Crawled caption data:

↓

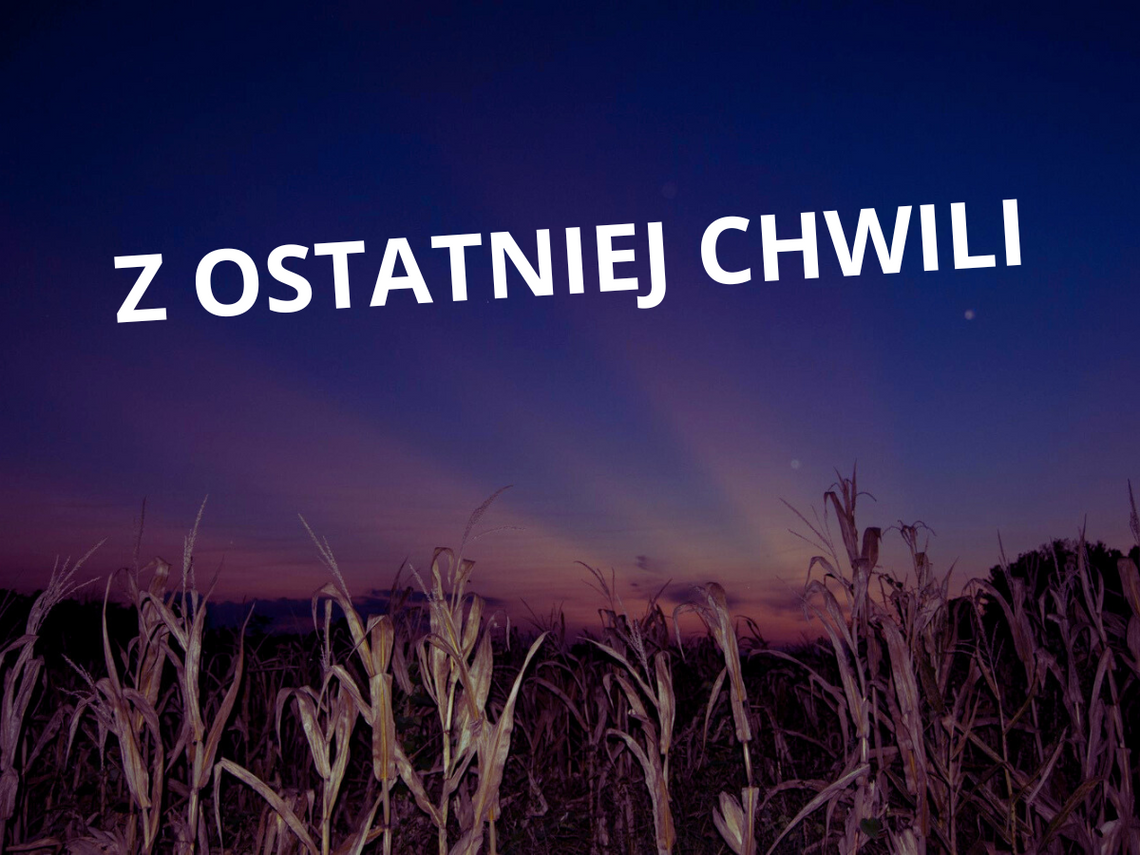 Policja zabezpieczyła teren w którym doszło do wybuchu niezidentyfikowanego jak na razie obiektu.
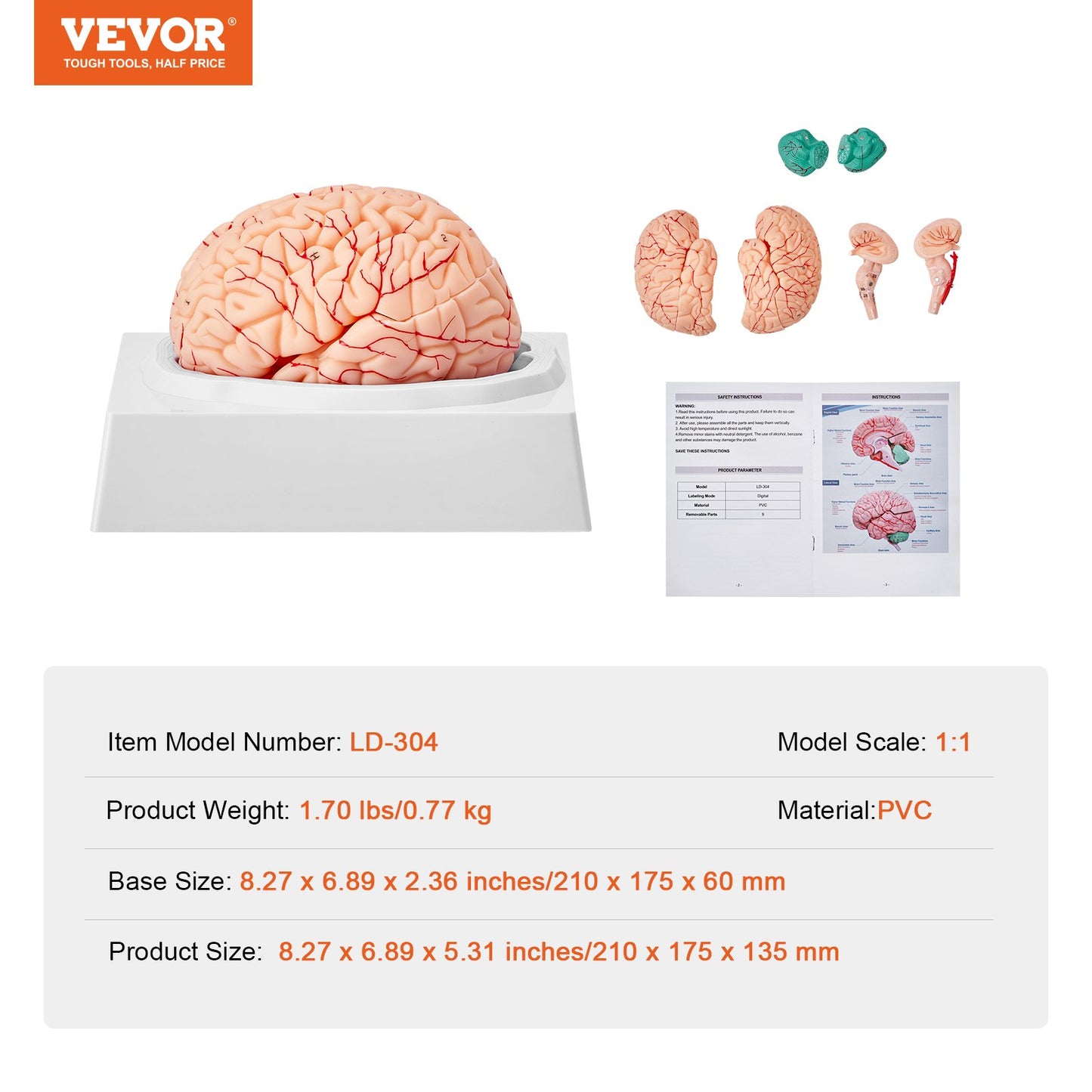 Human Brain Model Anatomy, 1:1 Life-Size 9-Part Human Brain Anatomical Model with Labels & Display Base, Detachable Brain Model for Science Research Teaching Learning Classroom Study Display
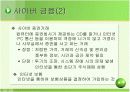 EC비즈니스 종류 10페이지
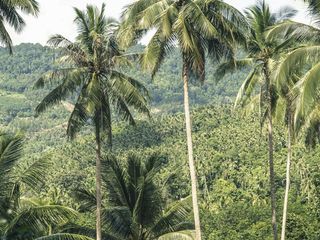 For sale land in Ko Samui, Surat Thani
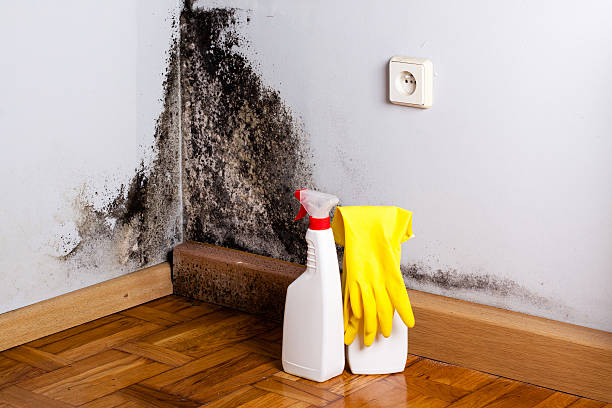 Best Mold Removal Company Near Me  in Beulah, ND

↑

*Aim of the task*. Would you set down the records above once more, exactly, with the pictures removed?

*Answer to the exercise*.
 Policja zabezpieczyła teren w którym doszło do wybuchu niezidentyfikowanego jak na razie obiektu.
 Human Brain Model Anatomy, 1:1 Life-Size 9-Part Human Brain Anatomical Model with Labels & Display Base, Detachable Brain Model for Science Research Teaching Learning Classroom Study Display
 EC비즈니스 종류 10페이지
 For sale land in Ko Samui, Surat Thani
 Best Mold Removal Company Near Me  in Beulah, ND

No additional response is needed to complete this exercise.